Dedicated SKUs (Basic, Standard, Premium)
For dedicated deployments:
- The Bastion host is deployed in the virtual network that contains the AzureBastionSubnet subnet that has a minimum /26 prefix.
- The user connects to the Azure portal using any HTML5 browser.
- The user selects the virtual machine to connect to.
- With a single select, the RDP/SSH session opens in the browser.
- No public IP is required on the Azure VM.
- Premium SKU supports private-only deployment, which doesn't require a public IP address on the Bastion host itself.
Developer SKU
Developer SKU is a free, lightweight offering ideal for dev/test environments. Key differences:
- Uses a shared resource model (not dedicated)
- Supports one VM connection at a time
- Doesn't require AzureBastionSubnet or a public IP address
- Connects directly through the virtual machine connect page
- Available in select regions only
- Not suitable for production workloads
- Doesn't support virtual network peering
Host scaling
Azure Bastion supports manual host scaling for Standard and Premium SKUs. You can configure the number of host instances (scale units) to manage the number of concurrent RDP/SSH connections that Azure Bastion can support. Increasing the number of host instances lets Azure Bastion manage more concurrent sessions. Decreasing the number of instances decreases the number of concurrent supported sessions. Azure Bastion supports up to 50 host instances.
Capacity by SKU
- Developer SKU: 1 VM connection at a time (shared resource)
- Basic SKU: 2 fixed instances (40 RDP sessions or 80 SSH sessions)
- Standard SKU: 2-50 configurable instances (up to 1,000 RDP sessions or 2,000 SSH sessions at maximum scale)
- Premium SKU: 2-50 configurable instances (up to 1,000 RDP sessions or 2,000 SSH sessions at maximum scale)
- Extra features over Standard SKU are graphical session recording, private-only deployment, and integration with Microsoft Entra PIM.
Each instance supports approximately 20 concurrent RDP connections and 40 concurrent SSH connections.
Premium SKU features
The Premium SKU includes all Standard features plus two exclusive capabilities for enhanced security and compliance:
Session recording
Session recording allows you to record graphical sessions for connections made to virtual machines (both RDP and SSH) via the bastion host.
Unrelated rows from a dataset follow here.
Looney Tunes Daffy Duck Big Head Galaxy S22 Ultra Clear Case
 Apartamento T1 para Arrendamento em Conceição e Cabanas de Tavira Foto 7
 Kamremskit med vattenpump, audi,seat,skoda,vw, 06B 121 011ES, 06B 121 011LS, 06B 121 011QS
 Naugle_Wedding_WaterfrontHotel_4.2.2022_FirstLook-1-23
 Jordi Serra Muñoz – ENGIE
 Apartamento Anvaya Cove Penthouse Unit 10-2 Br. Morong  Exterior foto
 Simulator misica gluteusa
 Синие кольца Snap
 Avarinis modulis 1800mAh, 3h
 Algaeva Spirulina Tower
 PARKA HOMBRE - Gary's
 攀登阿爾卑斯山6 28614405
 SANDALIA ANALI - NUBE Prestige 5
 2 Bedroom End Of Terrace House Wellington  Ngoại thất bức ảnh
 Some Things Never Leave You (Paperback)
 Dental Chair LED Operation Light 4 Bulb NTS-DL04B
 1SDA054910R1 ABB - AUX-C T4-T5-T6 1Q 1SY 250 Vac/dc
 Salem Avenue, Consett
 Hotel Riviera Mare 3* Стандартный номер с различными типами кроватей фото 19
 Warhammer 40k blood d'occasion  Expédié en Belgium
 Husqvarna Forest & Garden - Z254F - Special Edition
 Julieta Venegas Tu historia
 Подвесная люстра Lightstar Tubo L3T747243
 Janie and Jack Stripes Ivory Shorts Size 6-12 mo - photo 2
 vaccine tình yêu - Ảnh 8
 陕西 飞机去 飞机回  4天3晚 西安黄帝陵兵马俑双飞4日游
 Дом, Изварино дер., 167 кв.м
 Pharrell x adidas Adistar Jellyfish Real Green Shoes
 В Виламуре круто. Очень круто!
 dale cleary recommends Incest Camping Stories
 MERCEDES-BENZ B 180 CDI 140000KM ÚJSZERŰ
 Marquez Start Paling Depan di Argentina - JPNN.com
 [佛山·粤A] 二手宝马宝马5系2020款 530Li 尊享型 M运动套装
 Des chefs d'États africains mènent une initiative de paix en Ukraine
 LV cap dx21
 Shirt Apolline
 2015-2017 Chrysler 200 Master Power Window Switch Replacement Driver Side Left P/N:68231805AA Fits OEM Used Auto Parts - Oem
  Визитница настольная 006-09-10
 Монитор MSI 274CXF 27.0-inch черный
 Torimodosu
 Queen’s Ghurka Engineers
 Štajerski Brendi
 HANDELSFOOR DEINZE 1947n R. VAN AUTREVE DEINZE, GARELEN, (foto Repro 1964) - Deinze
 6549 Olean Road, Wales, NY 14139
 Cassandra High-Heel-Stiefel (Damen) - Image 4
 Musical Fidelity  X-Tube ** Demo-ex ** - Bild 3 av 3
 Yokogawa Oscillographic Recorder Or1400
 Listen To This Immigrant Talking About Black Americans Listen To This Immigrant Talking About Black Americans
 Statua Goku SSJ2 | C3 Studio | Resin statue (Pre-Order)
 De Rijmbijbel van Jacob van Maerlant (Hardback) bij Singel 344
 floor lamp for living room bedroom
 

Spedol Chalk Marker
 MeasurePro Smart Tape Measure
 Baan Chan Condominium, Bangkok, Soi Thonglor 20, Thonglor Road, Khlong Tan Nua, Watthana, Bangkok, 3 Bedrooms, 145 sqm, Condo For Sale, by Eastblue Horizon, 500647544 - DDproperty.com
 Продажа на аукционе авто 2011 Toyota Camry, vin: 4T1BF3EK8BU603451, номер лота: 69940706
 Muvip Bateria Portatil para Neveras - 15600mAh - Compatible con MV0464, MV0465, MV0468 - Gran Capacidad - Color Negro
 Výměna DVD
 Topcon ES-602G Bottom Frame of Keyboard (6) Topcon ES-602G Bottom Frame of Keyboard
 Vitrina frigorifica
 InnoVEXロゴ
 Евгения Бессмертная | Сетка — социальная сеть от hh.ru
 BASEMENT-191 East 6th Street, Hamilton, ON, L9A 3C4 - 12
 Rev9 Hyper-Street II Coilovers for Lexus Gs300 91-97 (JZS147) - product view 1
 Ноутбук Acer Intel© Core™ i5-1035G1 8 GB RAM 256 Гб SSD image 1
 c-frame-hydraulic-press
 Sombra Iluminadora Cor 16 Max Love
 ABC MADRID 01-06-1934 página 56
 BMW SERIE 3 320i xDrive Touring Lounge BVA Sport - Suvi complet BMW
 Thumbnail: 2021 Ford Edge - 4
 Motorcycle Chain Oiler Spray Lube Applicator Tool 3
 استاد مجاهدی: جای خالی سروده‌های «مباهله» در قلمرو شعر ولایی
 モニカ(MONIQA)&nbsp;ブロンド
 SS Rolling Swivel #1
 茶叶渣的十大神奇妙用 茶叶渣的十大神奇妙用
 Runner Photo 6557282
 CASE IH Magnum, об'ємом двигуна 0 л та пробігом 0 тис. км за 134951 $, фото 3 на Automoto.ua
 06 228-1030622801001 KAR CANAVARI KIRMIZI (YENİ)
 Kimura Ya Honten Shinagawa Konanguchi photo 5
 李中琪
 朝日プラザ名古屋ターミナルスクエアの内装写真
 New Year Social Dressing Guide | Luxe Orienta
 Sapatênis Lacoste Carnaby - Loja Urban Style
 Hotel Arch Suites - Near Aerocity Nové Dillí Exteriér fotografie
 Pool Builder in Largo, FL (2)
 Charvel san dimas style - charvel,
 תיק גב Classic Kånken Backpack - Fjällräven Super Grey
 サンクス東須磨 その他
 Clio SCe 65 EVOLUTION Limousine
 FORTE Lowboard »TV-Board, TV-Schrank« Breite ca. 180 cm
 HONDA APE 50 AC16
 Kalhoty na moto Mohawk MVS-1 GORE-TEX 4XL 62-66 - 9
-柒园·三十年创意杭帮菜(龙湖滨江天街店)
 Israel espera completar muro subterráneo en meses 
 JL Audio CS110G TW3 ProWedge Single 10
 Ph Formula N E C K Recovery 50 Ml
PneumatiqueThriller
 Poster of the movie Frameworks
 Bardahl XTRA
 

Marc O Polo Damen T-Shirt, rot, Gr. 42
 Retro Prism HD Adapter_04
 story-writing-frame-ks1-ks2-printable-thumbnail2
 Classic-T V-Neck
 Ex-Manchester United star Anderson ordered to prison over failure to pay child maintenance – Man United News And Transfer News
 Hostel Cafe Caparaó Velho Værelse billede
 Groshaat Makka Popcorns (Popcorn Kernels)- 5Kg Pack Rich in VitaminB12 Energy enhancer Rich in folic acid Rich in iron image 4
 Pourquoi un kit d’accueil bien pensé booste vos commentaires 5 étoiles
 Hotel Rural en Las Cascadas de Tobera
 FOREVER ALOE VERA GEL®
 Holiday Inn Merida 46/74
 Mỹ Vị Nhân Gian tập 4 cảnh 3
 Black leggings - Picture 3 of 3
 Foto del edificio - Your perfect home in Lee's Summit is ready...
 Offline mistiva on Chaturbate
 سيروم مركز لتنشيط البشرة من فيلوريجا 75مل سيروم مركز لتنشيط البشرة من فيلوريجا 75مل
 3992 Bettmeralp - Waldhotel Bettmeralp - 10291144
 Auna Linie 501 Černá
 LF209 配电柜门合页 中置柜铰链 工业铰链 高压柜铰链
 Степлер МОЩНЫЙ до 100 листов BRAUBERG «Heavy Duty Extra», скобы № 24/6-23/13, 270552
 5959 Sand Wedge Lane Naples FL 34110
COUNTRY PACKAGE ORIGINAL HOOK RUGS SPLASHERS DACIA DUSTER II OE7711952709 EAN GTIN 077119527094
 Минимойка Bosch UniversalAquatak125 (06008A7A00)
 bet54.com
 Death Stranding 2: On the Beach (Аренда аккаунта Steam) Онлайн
Key features include:
- Recorded sessions are stored in a blob container within your Azure Storage account (via SAS URL)
- Recordings become available after the session is closed or disconnected
- View and manage recorded sessions through the Azure portal
- Essential for compliance and audit requirements
- Provides forensic capabilities for security investigations
Private-only deployment
Private-only deployment creates a non-internet routable Bastion deployment that allows only private IP address access:
- No public IP address required on the Bastion host itself
- Ideal for environments with ExpressRoute or VPN connectivity
- Provides maximum security by eliminating public internet exposure
- Must be configured at deployment time
- Best for highly regulated environments with strict network segmentation requirements
The cost difference between Standard and Premium SKUs is marginal, making Premium the recommended choice for production deployments where audit trails or enhanced security are required.